## REQUIRED ACTION
Below are some entries. Count how many of their lines include "methods", then give that number only.

Stored data entries

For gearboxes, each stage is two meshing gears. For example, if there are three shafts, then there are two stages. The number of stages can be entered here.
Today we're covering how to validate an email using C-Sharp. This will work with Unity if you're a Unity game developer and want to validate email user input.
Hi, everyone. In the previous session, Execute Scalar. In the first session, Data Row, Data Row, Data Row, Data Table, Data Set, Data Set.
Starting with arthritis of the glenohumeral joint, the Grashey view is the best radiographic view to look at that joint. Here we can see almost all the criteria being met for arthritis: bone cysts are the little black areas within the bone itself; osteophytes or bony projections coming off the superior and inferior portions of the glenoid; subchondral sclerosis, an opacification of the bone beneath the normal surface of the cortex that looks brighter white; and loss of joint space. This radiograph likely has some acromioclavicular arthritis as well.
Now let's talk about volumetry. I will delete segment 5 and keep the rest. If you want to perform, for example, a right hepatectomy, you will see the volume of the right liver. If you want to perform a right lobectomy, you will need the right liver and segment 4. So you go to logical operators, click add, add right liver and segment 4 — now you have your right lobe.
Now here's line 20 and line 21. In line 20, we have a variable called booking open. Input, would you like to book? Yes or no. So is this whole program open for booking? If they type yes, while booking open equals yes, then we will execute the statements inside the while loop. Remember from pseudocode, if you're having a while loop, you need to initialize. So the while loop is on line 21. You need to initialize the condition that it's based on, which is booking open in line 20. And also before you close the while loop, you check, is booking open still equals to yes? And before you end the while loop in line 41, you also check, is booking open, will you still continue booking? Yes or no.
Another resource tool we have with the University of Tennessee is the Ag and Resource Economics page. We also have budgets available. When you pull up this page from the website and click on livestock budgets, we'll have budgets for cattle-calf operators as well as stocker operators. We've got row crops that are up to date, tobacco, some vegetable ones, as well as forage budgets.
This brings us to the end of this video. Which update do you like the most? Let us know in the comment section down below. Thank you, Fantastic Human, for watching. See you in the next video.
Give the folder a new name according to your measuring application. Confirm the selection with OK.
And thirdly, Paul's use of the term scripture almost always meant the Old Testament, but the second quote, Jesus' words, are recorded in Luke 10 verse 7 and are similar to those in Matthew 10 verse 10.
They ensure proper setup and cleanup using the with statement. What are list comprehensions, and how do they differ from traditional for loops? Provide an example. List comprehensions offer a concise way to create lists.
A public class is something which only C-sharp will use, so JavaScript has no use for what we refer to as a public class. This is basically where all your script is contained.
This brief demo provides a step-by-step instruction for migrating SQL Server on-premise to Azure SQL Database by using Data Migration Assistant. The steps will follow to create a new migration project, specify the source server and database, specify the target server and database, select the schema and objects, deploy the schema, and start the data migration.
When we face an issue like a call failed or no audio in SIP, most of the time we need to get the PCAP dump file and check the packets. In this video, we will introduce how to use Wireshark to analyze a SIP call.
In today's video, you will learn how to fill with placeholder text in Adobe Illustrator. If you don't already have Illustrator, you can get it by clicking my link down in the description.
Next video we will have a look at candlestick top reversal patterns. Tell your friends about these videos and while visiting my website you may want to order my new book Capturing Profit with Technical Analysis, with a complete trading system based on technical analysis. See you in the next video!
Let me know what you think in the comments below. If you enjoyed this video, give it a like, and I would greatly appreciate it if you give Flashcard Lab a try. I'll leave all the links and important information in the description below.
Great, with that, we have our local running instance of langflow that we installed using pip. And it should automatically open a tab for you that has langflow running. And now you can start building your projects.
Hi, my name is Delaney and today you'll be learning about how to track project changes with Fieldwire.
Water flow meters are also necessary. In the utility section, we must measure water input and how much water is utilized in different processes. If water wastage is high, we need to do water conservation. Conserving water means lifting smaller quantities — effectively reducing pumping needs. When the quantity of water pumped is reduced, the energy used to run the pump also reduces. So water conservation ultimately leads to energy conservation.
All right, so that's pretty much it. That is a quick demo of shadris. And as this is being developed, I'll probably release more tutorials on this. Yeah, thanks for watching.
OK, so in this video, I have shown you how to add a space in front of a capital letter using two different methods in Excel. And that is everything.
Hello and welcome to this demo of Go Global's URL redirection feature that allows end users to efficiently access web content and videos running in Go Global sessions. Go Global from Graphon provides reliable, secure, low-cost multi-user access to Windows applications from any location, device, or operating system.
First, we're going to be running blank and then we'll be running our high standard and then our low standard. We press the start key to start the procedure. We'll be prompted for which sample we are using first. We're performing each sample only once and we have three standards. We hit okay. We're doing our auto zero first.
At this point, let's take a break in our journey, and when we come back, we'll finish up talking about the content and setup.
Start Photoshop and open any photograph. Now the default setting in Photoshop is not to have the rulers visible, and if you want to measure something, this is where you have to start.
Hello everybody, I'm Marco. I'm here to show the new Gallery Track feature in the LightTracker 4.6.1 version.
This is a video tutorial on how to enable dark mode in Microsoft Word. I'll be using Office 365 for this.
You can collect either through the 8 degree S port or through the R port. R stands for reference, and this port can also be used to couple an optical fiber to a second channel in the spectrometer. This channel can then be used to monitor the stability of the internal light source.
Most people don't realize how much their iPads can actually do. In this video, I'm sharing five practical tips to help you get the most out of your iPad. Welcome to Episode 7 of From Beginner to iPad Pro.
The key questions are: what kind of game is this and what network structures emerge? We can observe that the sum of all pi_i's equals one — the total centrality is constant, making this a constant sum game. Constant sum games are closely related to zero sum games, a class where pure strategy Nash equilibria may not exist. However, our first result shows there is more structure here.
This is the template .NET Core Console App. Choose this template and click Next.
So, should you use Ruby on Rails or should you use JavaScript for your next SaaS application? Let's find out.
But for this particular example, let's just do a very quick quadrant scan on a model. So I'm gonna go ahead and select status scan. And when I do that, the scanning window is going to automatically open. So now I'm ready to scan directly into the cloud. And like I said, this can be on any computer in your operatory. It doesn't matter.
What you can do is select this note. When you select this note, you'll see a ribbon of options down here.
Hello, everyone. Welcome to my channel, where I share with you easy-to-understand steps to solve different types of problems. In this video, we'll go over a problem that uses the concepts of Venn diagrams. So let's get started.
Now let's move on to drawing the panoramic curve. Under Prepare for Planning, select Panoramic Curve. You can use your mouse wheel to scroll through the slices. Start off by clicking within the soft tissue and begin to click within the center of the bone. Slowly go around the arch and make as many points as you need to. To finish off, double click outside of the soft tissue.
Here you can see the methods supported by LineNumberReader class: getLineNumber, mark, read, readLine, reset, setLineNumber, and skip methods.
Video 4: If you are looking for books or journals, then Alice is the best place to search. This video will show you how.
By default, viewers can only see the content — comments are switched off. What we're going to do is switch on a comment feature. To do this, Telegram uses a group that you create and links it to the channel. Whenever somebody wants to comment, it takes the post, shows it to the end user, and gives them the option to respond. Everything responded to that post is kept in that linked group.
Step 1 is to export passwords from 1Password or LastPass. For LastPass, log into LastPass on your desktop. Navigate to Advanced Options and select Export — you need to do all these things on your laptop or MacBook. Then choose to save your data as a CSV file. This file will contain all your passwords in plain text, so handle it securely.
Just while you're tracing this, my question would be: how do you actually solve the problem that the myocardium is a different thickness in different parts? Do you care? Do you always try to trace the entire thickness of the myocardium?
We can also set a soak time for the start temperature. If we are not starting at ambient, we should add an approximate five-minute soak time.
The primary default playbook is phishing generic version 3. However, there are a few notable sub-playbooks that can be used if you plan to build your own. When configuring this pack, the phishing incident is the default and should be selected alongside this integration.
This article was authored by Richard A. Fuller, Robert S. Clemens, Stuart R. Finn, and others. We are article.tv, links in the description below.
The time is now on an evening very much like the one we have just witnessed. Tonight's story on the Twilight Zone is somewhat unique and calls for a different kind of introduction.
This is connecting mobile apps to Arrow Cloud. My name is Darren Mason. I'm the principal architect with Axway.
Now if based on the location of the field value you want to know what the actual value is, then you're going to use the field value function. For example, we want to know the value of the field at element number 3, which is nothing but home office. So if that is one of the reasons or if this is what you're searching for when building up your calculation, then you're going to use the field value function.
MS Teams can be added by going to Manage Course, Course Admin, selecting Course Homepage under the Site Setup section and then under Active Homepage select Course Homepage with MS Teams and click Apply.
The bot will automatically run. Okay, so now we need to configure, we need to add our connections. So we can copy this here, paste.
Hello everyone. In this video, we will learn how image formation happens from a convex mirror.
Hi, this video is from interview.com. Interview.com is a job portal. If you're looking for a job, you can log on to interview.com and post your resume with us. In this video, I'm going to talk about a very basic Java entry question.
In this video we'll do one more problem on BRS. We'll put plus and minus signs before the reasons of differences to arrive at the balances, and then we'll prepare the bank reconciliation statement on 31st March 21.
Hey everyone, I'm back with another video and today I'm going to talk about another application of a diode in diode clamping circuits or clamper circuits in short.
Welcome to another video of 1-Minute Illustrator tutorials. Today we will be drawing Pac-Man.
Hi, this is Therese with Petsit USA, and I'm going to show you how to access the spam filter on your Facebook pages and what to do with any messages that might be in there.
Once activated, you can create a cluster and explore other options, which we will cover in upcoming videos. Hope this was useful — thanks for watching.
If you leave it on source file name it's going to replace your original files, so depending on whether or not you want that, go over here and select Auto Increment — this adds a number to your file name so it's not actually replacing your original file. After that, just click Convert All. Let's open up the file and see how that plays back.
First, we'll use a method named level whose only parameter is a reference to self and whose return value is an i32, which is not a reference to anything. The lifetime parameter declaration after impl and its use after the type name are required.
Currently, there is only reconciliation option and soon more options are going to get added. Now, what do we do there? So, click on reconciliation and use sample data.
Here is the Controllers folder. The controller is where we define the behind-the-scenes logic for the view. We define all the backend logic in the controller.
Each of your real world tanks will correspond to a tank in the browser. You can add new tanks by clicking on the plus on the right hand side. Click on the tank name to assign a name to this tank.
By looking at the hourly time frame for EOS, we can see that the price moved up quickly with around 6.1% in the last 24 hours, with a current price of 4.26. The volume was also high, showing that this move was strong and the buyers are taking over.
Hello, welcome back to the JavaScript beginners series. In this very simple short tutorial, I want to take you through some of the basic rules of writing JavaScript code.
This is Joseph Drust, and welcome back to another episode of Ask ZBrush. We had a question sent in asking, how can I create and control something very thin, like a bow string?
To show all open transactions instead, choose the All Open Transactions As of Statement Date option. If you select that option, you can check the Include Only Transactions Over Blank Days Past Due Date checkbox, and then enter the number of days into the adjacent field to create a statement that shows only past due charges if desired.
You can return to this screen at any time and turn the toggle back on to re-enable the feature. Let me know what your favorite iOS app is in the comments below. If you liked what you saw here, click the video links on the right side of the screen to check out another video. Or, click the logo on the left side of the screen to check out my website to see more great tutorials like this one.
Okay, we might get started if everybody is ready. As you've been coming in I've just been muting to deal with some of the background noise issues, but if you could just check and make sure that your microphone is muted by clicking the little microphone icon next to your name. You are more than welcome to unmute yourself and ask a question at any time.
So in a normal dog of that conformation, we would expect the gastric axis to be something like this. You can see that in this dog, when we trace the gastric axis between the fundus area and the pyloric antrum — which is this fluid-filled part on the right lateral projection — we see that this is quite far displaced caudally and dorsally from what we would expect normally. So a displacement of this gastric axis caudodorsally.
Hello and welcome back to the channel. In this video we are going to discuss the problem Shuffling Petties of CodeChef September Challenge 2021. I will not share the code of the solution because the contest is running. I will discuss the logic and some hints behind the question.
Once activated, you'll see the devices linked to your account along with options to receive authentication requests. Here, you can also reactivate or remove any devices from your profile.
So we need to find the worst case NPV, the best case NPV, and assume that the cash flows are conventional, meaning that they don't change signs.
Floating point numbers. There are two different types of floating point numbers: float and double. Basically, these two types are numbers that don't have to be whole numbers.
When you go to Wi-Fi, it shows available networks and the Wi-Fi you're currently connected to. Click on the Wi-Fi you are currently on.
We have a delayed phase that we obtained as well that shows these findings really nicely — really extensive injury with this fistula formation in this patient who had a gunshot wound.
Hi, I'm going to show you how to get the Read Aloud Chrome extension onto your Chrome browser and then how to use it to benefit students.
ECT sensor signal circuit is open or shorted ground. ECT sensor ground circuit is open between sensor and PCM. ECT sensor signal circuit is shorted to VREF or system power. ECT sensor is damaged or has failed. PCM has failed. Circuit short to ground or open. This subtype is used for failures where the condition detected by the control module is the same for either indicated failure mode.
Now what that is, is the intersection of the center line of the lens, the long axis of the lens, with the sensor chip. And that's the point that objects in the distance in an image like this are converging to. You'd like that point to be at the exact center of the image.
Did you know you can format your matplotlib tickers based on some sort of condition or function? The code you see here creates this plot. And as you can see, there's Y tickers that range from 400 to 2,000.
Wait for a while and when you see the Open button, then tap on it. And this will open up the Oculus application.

## RESPONSE BELOW
2